ASOIAF fans suffering through their own personal Long Night waiting for The Winds of Winter got something of a reprieve with the publication of Fire and Blood. Set in the world of ASOIAF, it covers the history of the Targaryen dynasty from Aegon’s Conquest through the beginning of Aegon III’s rule following the Dance of the Dragons.
The book is written from an in-universe perspective, purporting to be a history tome penned by a master. While this makes the tone somewhat dry, it allows Martin to comment on the difficulty of compiling a “true history” of anything. The narrator acknowledges that some of the historical sources he’s consulted contradict each other, and that some were written by people who might not be entirely trustworthy for one reason or another. It’s a great reflection of the way history is really written and the difficulties scholars can face in evaluating historical sources.

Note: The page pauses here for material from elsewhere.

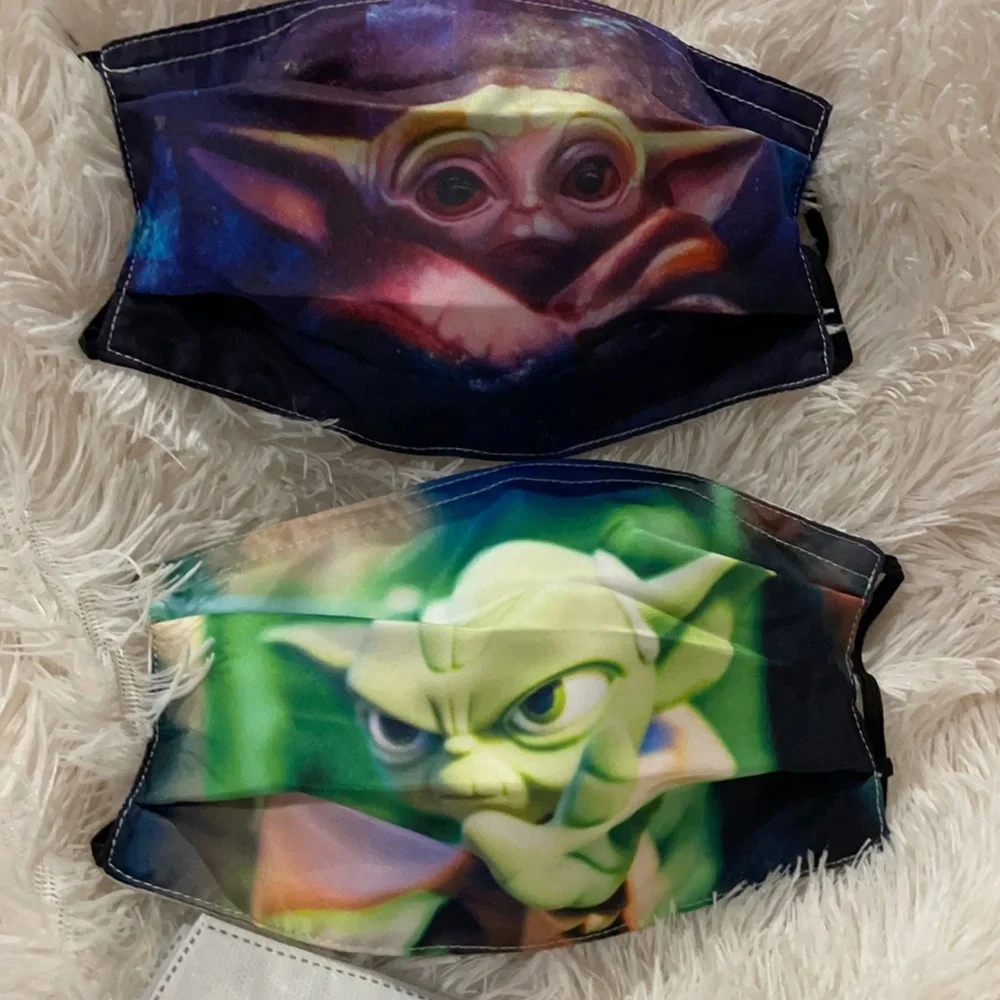 6/$20 New set/2 Yoda face masks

A character briefly mentioned in The World of Ice and Fire, Septon Barth, is a major character for a good chunk of the book. Following a disturbing incident that I don’t want to spoil, he becomes keenly interested in the mystical side of Planetos. As we know from TWOIAF and some of the narrator’s comments here, some maesters and septons found his work too willing to acknowledge the setting’s occult history. Given that this history is coming back with a vengeance in the main storyline, Barth’s work may turn out to provide important clues for the characters. I liked Barth, and I also loved the hints at the deeper mysteries of Westeros.

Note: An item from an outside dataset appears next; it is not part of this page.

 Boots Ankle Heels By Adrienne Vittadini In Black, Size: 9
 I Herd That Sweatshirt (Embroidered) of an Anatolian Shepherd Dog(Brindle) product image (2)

Most of my books are in electronic format, but I made sure to buy this one in hard copy, and I recommend that other readers do the same. There’s some beautiful artwork here, and a lot of the detail would be lost on a screen.

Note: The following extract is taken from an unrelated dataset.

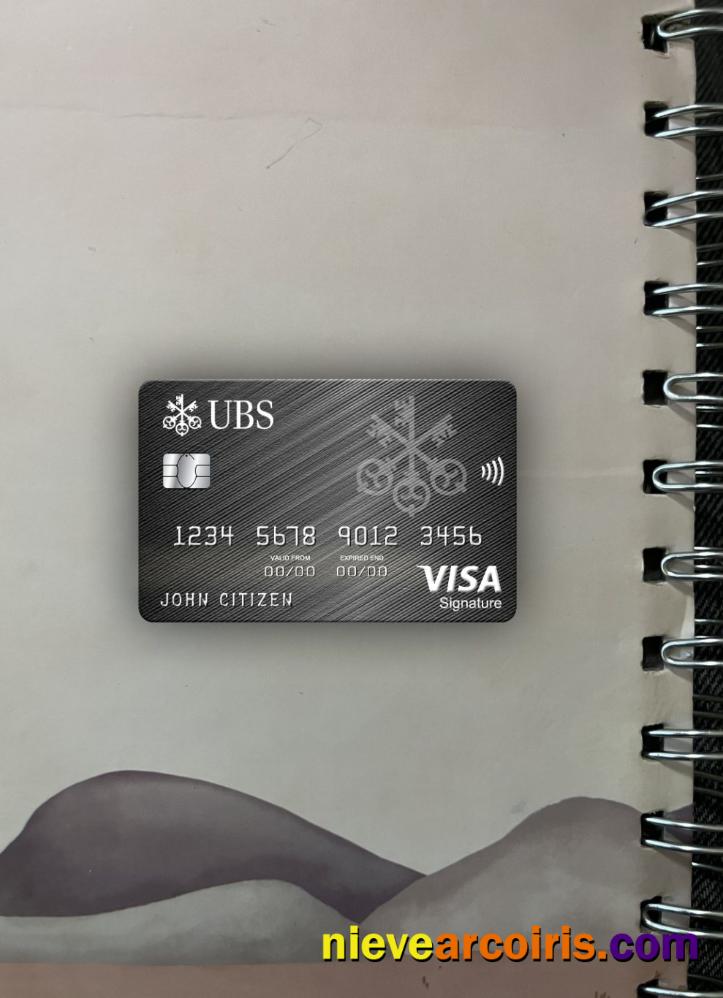 Monaco UBS Bank Visa Signature Card Photolook Front Sample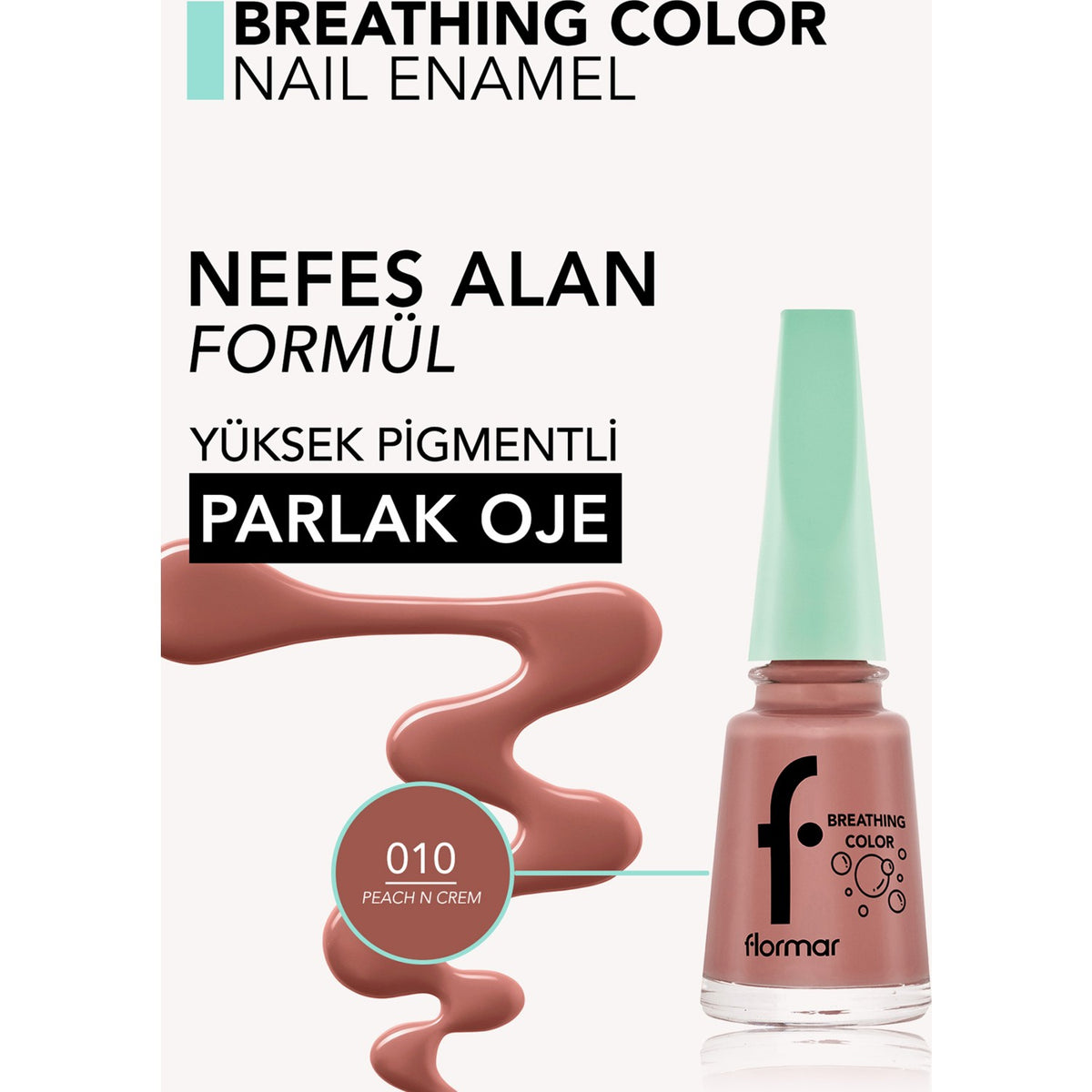 Flormar Breathing Color Nail Polish - MALLTURK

Fire and Blood is the first volume of two, with the second being planned to take the reader all the way through the fall of Mad Aerys. While I certainly hope TWOW comes out in a reasonable timeframe, I find myself also looking forward to Part 2 of the Targaryen history. The dragonlords are fascinating to read about, and it’s interesting to see how the events of Westeros’s past planted the seeds for the story we all know and love.